Piet de Moor Gunzenhausen

Piet de Moor: Gunzenhausen. Das Leben des J.D. Salinger, von ihm selbst erzählt – Eine Buchvorstellung

„Wie ich auf einem mächtigen, namenlosen Strom herumgondele …, in dem die Nebenflüsse Altmühl, Themse, Avon, Delaware, Hudson, Oder, Tajo, Charles River, Donau und Connecticut münden …“ – so hin und her geschaukelt wurde ich von Piet de Moor beim Lesen seines Buches über die Jahre, die J.D. Salinger im mittelfränkischen Gunzenhausen verbrachte. Wie verwegen muss einer sein, der meine kleine heimatliche sumpfig romantische Altmühl in einem Satz mit dem Hudson River und der Themse zu mäandern sich wagt?

Ihr wisst nicht, wo dieses Gunzenhausen liegt? Man findet es unter 49° 7′ N, 10° 45′ O Koordinaten: 49° 7′ N, 10° 45′ O. Gunzenhausen ist ein Städtchen mit rund 17.000 Einwohnern in Westmittelfranken, gelegen an Altmühl, Wurmbach und Hambach. Die Ortsteile tragen Namen wie Oberhambach und Unterhambach, Oberwurmbach und Unterwurmbach, oder auch schlicht Wald und Steinacker.
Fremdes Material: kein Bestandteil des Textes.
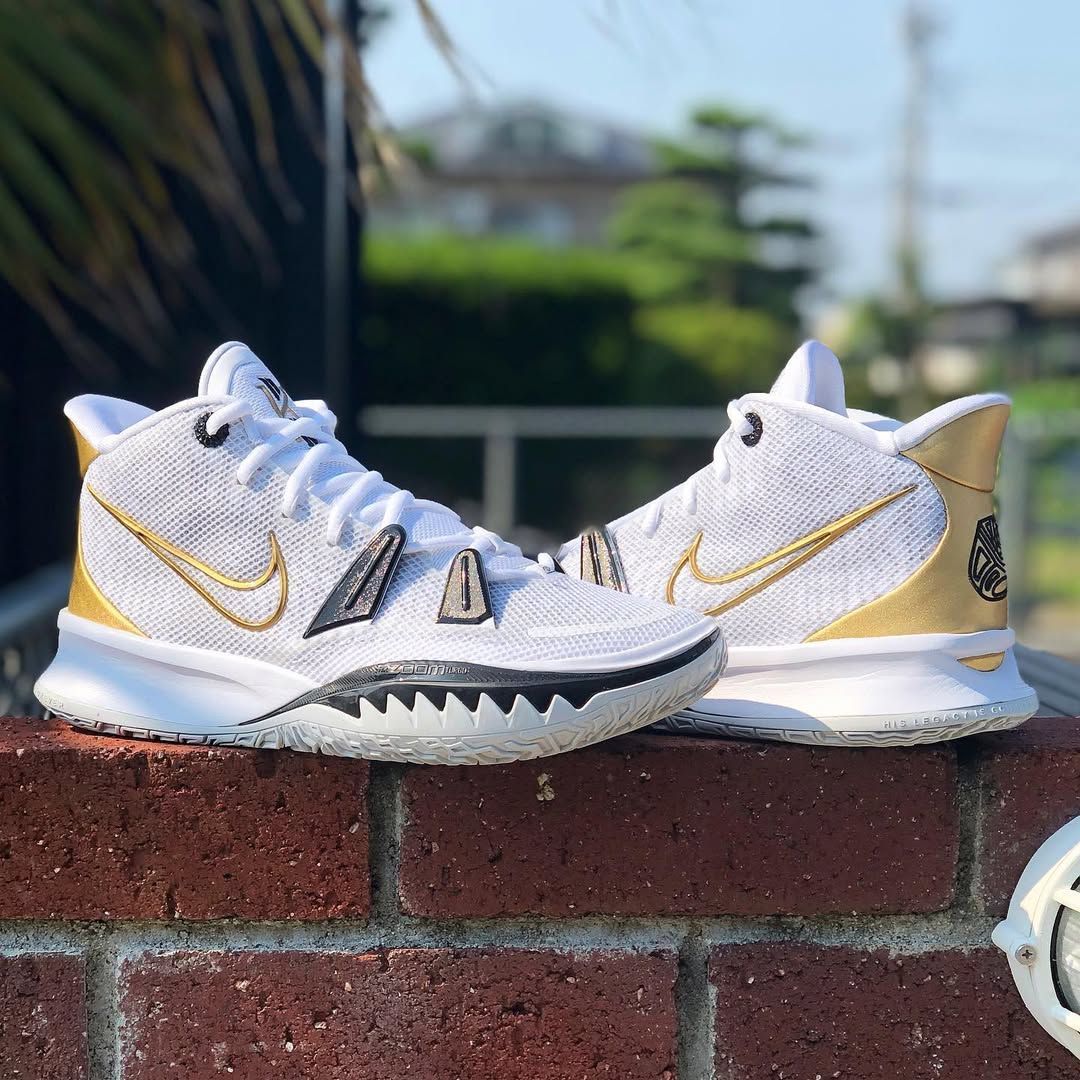 Nike カイリー7 EP ホワイト/ブラック/ゴールド Amazon.co.jp: [ナイキ] カイリー 7 EP KYRIE 7 EP ホワイト
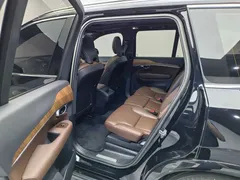 2022 Volvo XC90 B5 Luxury 5-seat, чёрный — фото 14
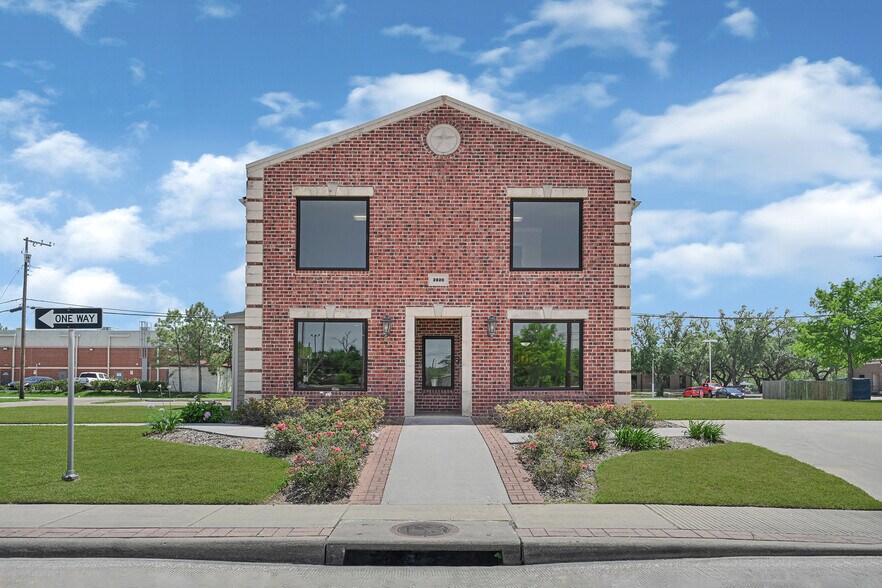 2820 FM 517 Rd, Dickinson, TX à vendre - Photo de l’immeuble – Image 2 sur 32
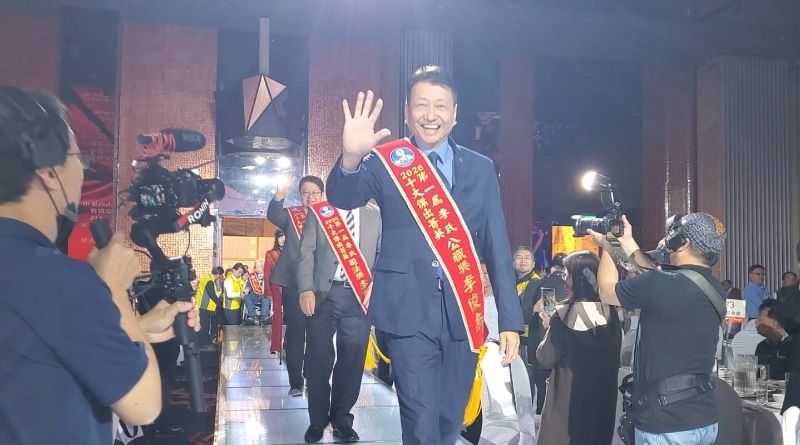 軍人出身的李俊杰，榮獲公職獎，他目前是雲璽國際股份有限公司總經理。一身從事軍旅，曾當過指揮官，高雄氣爆時，更是指揮救災，救人無數。(漾新聞記者陳雯萍攝)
Gunzenhausen liegt 25 Kilometer entfernt vom mittelfränkischen Regierungssitz Ansbach, meiner Heimatstadt und beide Städte verbindet eine tiefbraune Vergangenheit. Sie waren vor hundert Jahren der fruchtbare fränkische Nährboden der NSDAP. Schon im April 1933 wurde in Gunzenhausen das angeblich erste Hitler-Denkmal im Deutschen Reich errichtet. Am Palmsonntag 1934 beteiligten sich rund tausend brave Gunzenhausener Bürgerinnen und Bürger an einem antisemitischem Pogrom, in dessen Verlauf zwei jüdische Einwohner ermordet wurden. Der Schriftsteller W.G. Sebald berichtet in „Die Ausgewanderten“ von diesem Pogrom, das sogar in der internationalen Presse seinerzeit Beachtung fand. Überhaupt wäre Gunzenhausen ohne seine Nazis heute international kaum von Bedeutung. Und weil ich es ja hier mit Lesenden zu tun habe: Wer mehr über das „mittelfränkische Herz der Finsternis“ , also Gunzenhausen in und nach der Nazi-Zeit erfahren möchte, dem sei das Buch „Heimat“ von Thomas Medicus“ anempfohlen, erschienen 2014 bei Rowohlt.

Medicus Heimat

Salingers „Fänger im Roggen“ und das „mittelfränkische Herz der Finsternis“

Nach 1945 gab es keine Nazis mehr in Gunzenhausen. Gunzenhausener wissen das. Literaturwissenschaftler, die Salingers großen Roman „Fänger im Roggen“ vergeblich zu interpretieren versuchten, scheiterten stets daran, dass sie dies schlichterdings nicht wussten.
Sein „Fänger im Roggen“ ist 1951 erschienen. In ihm berichtet der protagonist, der sechzehnjährige psychisch angeschlagene Holden Caulfield von mehr oder weniger irren Erlebnissen an drei Tagen in seinem noch jungen Leben. Hier ist nicht der Platz dieses wunderbare Buch vorzustellen (warum eigentlich nicht ???), im Wesentlichen verarbeitet Salinger in diesem Roman die üblichen seelischen Nöte eines pubertierenden Jugendlichen: sexuelle Desorientierung, soziale Desorientierung, psychische Desorientierung. Der Kopf eines jungen Menschen ist der ideale Ort, um die realen gesellschaftlichen Widersprüche in all ihrer Grobheit und Gemeinheit aufzuzeigen. Und das tut Salinger mit Hingebung und einer Drastigkeit, die zu Beginn der fünfziger Jahre für die lesende Welt noch eine echte Zumutung war und für viele noch heute eine fiese Zumutung darstellt. Kaum ein Buch wurde intensiver und vielfältiger zensiert als der „Fänger im Roggen“, kaum ein Roman wurde widersprüchlicher interpretiert.

Salinger Fänger im Roggen

Verfasst hat Salinger das Manuskript unmittelbar unter dem Eindruck seiner Erlebnisse im und nach dem Krieg. Er war gerade einmal 23 Jahre alt, als er 1942 in die US Army eintrat. Seine Entscheidung für das Militär wurde vermutlich nicht unwesentlich durch eine unglückliche Frauengeschichte beeinflusst. Salinger war kurz vor seinem Eintritt in die Armee von seiner großen Lebensliebe verlassen worden. Oona O’Neill hatte ihn wegen einem anderen Mann verlassen. Sein Nebenbuhler war Charles Chaplin. Ihn heiratete sie später auch. Salinger schätzte Chaplin übrigens nicht sonderlich …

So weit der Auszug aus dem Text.